Belakangan, Oktober di tahun yang sama, kekonyolan itu diralat. Tapi, dalam suratnya, Kepala Direktorat Pidana MA, Moegihardjo, ternyata hanya melempar bola ke lembaga penuntut. Ia sekadar menyarankan supaya Abdullah melaporkan saja nasibnya ke kejaksaan setempat.
Jalan pun buntu. Kejaksaan Negeri Lhokseumawe angkat tangan dengan alasan situasi keamanan di Aceh tak memungkinkan. Timsar lalu mengadu ke Kejaksaan Agung pada Desember. Ketika itu yang menjabat Jaksa Agung Muda Pidana Umum adalah M.A. Rachman, yang kini menjadi Jaksa Agung.
Baru tiga bulan kemudian surat itu mendapat balasan. Direktur Upaya Hukum, Eksekusi, dan Eksaminasi, Faizal Daulay, berkirim surat ke Kejaksaan Tinggi Nanggroe Aceh Darussalam, minta supaya kasus itu dilaporkan secara menyeluruh. Dan "hebatnya", masih dengan perihal yang sama, baru sembilan bulan setelahnya kejaksaan tinggi melayangkan surat ke Kejaksaan Negeri Lhokseumawe.
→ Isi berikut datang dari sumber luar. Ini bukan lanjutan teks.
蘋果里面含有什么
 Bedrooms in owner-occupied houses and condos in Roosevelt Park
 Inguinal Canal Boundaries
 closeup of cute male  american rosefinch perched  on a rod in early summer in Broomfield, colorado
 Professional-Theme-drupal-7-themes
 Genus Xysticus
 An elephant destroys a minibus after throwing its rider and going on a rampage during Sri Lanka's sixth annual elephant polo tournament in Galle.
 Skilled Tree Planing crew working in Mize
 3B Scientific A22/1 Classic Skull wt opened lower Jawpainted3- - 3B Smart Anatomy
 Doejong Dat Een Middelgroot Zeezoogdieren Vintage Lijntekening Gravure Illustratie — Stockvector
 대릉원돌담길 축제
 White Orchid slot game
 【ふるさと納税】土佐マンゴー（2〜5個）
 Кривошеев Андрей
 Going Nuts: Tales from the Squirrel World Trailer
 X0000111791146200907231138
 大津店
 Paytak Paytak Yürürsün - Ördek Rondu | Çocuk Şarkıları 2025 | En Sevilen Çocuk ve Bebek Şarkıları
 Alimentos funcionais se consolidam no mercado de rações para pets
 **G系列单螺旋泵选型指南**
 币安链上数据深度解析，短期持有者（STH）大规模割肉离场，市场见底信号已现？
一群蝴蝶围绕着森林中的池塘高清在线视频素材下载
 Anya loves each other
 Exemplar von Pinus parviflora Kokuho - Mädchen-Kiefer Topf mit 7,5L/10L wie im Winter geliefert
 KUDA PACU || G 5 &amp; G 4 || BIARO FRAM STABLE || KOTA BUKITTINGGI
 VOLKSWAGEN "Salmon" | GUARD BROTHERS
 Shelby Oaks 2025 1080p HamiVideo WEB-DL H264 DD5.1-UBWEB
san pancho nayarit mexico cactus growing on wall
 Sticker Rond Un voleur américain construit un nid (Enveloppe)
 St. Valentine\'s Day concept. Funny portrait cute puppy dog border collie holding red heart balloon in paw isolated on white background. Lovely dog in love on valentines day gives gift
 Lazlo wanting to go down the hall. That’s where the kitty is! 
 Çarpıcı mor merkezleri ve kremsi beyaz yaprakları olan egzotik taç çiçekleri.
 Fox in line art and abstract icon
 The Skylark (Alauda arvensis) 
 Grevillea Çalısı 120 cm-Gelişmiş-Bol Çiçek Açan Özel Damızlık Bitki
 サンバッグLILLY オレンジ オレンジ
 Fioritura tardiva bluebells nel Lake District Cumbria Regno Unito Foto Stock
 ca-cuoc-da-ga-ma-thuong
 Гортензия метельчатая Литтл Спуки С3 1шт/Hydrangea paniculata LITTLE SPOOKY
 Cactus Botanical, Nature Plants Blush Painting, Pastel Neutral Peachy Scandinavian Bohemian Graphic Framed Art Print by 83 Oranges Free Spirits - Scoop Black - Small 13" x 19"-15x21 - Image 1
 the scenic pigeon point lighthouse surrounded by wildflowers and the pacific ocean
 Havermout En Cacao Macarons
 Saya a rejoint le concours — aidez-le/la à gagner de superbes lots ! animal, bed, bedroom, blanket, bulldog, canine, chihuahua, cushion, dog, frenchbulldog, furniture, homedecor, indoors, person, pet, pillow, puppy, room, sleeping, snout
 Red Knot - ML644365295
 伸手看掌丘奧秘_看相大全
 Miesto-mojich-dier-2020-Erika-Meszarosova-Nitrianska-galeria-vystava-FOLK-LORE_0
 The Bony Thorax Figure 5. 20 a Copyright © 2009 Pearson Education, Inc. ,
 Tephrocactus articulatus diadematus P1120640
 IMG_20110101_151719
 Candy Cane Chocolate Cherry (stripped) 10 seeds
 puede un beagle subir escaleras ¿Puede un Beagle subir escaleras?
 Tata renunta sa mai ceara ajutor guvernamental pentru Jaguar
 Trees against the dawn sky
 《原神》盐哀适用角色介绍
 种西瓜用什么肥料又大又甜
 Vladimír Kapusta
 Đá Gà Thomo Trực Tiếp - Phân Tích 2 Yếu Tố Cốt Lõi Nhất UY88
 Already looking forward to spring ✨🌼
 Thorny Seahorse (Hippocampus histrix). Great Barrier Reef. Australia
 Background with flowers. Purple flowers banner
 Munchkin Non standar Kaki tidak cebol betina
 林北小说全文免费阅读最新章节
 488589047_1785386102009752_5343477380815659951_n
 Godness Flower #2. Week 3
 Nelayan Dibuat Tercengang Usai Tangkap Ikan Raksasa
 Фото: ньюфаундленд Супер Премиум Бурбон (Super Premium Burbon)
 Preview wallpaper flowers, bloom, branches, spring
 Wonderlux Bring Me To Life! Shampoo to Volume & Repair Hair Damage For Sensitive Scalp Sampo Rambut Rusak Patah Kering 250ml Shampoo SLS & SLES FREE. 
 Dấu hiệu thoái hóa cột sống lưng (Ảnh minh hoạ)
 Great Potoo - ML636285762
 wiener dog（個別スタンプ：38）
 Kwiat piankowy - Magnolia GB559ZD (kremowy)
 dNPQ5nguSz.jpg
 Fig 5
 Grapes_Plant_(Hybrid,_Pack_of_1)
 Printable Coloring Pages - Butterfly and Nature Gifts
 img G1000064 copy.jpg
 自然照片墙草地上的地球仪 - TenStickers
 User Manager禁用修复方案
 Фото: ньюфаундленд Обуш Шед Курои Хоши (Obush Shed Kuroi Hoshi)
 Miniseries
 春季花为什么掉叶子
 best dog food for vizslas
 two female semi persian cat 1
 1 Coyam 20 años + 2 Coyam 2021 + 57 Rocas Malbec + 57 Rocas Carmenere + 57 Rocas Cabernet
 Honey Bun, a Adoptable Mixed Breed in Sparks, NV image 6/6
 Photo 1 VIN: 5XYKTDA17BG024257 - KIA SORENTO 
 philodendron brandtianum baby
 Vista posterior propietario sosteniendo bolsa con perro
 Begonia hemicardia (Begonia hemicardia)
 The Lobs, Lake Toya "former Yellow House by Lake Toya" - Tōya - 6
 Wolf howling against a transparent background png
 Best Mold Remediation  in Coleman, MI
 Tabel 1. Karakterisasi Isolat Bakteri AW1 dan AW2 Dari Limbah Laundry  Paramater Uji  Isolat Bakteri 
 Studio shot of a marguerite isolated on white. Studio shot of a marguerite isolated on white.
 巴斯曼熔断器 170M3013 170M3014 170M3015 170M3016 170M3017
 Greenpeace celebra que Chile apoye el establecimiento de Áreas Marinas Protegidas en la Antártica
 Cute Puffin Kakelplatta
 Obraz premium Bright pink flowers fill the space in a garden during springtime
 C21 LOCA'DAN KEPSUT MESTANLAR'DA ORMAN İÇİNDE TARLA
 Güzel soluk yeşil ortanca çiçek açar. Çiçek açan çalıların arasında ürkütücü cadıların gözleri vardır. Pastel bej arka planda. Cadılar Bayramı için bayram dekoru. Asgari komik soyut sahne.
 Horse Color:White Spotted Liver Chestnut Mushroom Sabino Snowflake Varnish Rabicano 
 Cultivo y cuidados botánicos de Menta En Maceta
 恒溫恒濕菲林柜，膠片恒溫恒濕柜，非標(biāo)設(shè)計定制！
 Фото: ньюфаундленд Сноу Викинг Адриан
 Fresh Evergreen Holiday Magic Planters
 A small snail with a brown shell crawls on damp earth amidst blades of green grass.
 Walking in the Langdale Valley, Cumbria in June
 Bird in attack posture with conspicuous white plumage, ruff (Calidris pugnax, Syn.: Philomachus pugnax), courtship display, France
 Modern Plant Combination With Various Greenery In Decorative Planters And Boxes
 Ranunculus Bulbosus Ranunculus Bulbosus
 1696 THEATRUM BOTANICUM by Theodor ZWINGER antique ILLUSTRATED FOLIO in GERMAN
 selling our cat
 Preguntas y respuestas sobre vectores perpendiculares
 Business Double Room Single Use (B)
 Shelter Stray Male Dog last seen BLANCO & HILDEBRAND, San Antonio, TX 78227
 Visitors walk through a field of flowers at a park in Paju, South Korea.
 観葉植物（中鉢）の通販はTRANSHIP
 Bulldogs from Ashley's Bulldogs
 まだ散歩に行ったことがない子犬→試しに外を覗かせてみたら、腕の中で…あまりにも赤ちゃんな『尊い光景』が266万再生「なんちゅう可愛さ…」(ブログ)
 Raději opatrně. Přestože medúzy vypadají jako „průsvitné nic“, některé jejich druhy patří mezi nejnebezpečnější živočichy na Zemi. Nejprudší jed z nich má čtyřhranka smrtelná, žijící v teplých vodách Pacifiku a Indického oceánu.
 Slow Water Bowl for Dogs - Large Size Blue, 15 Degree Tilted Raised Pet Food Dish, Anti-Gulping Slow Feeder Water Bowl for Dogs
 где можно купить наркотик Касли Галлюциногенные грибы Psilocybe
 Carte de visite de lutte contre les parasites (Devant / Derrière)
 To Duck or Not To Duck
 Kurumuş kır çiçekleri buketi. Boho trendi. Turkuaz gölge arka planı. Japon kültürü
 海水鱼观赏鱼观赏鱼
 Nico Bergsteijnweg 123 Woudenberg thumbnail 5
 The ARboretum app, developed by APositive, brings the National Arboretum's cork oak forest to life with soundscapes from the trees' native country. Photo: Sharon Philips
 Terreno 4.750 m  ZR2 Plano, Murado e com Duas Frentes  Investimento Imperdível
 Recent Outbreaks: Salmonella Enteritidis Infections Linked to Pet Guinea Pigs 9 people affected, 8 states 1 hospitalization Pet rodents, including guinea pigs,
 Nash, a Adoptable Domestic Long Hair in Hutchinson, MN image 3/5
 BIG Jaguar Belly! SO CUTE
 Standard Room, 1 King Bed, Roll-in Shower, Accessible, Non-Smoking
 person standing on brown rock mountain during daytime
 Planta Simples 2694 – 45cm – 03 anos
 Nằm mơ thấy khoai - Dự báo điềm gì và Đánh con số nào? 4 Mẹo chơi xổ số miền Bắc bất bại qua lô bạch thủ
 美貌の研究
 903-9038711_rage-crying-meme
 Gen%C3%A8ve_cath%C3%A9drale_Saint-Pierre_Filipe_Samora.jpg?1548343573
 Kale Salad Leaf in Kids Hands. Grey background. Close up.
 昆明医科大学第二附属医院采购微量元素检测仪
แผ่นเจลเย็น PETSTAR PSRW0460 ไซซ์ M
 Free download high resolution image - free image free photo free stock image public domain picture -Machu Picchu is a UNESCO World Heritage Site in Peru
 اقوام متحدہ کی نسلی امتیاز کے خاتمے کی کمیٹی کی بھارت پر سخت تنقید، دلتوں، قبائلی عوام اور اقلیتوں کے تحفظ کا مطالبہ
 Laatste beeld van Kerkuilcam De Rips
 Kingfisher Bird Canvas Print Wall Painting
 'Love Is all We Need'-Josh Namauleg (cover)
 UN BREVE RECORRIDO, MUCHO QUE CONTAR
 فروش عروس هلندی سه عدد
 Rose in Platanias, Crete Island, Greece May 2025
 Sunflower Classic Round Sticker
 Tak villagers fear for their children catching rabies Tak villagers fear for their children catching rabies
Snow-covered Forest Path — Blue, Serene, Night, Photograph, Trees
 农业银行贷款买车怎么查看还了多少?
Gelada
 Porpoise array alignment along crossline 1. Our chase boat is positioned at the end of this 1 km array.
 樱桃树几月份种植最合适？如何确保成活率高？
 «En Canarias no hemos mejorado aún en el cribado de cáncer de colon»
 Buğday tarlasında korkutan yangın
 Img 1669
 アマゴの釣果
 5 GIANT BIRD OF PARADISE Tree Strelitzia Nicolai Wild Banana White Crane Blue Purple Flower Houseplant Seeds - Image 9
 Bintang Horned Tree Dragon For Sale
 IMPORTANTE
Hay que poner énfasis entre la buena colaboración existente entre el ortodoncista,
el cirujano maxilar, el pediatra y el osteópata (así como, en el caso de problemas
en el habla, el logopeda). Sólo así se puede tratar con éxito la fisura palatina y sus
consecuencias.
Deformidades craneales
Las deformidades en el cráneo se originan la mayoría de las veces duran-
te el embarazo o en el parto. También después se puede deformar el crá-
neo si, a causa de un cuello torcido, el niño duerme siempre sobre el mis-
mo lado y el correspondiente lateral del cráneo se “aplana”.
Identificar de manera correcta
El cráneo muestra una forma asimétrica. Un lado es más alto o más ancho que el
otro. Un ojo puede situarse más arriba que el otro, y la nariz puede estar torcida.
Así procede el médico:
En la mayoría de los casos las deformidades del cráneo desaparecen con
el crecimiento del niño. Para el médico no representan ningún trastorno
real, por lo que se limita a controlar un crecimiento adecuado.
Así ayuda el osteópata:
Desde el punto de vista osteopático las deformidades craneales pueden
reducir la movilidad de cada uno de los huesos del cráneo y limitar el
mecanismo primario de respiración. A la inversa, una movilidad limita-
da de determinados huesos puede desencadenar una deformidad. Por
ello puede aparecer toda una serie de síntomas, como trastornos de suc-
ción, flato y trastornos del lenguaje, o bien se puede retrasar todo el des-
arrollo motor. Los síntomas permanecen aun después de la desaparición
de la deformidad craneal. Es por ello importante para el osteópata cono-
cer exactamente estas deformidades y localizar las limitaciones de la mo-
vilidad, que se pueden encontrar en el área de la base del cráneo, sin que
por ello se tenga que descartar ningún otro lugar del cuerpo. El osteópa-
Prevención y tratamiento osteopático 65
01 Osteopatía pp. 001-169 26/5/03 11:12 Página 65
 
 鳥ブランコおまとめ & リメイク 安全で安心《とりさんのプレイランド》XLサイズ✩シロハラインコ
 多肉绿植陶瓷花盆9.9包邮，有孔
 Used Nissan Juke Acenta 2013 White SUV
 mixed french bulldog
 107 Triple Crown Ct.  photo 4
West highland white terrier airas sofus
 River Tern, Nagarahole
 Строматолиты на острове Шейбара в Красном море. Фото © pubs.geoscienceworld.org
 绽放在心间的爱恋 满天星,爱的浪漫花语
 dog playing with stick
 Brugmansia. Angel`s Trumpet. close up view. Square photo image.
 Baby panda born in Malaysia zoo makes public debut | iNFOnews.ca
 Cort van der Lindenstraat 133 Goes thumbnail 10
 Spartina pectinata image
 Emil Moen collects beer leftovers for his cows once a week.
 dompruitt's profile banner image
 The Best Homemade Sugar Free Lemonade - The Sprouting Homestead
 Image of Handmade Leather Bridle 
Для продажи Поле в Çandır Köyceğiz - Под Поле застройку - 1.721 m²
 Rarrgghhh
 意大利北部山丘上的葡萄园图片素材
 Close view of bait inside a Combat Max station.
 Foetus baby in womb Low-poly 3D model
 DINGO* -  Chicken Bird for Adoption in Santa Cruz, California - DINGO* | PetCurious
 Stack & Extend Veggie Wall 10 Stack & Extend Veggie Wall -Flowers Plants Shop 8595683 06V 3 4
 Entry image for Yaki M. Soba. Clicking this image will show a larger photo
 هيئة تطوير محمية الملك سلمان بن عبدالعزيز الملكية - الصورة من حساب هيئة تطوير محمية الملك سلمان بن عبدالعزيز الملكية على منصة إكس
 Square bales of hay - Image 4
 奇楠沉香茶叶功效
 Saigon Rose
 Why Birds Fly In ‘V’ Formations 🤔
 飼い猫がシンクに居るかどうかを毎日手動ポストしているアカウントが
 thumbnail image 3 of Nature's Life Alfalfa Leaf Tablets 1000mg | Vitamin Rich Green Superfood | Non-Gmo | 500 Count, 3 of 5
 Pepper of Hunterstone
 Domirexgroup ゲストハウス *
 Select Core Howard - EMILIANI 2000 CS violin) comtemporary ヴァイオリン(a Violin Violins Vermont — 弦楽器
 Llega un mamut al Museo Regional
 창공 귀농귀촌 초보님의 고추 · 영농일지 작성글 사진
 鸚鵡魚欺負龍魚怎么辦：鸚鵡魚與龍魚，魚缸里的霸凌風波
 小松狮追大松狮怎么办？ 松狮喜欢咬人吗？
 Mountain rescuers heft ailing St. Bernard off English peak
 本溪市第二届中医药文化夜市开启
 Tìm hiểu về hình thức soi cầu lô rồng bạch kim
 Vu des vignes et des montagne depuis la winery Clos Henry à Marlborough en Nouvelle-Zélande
Kini bola kembali dioper ke Mahkamah Agung. Kata Kepala Seksi Pidana Umum Kejaksaan Lhokseumawe, Riza Fahdeli, "Saya kira Jaksa Agung akan melaporkan masalah ini ke Mahkamah Agung. Kami sedang menunggu fatwa MA karena kasus ini butuh terobosan hukum."
Kuncinya memang ada di Mahkamah Agung, demikian kata Ketua Komisi Hukum Nasional, J.E. Sahetapy. Untuk mendorongnya, anggota Dewan dari PDIP ini berjanji, "akan segera mengadakan rapat di Komisi untuk menindaklanjuti masalah ini."
Ketika ditanya perkembangan kasus Abdullah, Ketua Mahkamah Agung sendiri, Bagir Manan, cuma geleng-geleng kepala. Ia mengaku heran lagi terkejut karena sampai akhir pekan kemarin, meski telah dia minta, belum sehelai pun laporan dari pengadilan Aceh yang masuk ke mejanya.
Menurut dia, masih banyak jalan menuju pembebasan Abdullah. Salah satunya, pihak keluarga, kejaksaan, polisi, atau pengadilan bisa mengajukan surat kepada Ketua Mahkamah Agung, menyatakan Abdullah tak bersalah. Berdasarkan itu, Ketua MA dapat memerintahkan supaya perkaranya diperiksa ulang dan meminta yang bersangkutan dibebaskan dulu dari bui. Supaya kebenaran dan keadilan bisa ditegakkan, buat Bagir, bahkan mengajukan PK untuk kedua kalinya pun tak diharamkan.
Tapi, ketika diberi tahu bahwa telah berkali-kali dan sudah ke segala penjuru?termasuk ke MA?Abdullah berkirim surat dan tak juga serius ditanggapi, Bagir pun terhenyak. Dan inilah janjinya: "Kalau begitu, dari laporan TEMPO, saya akan langsung berkirim surat kepada Menteri Kehakiman untuk membebaskan Abdullah, tak perlu menunggu laporan dari bawah. Jika tak bersalah, dia (Abdullah) juga bisa menuntut negara atas kerugian yang telah dideritanya di penjara selama bertahun-tahun."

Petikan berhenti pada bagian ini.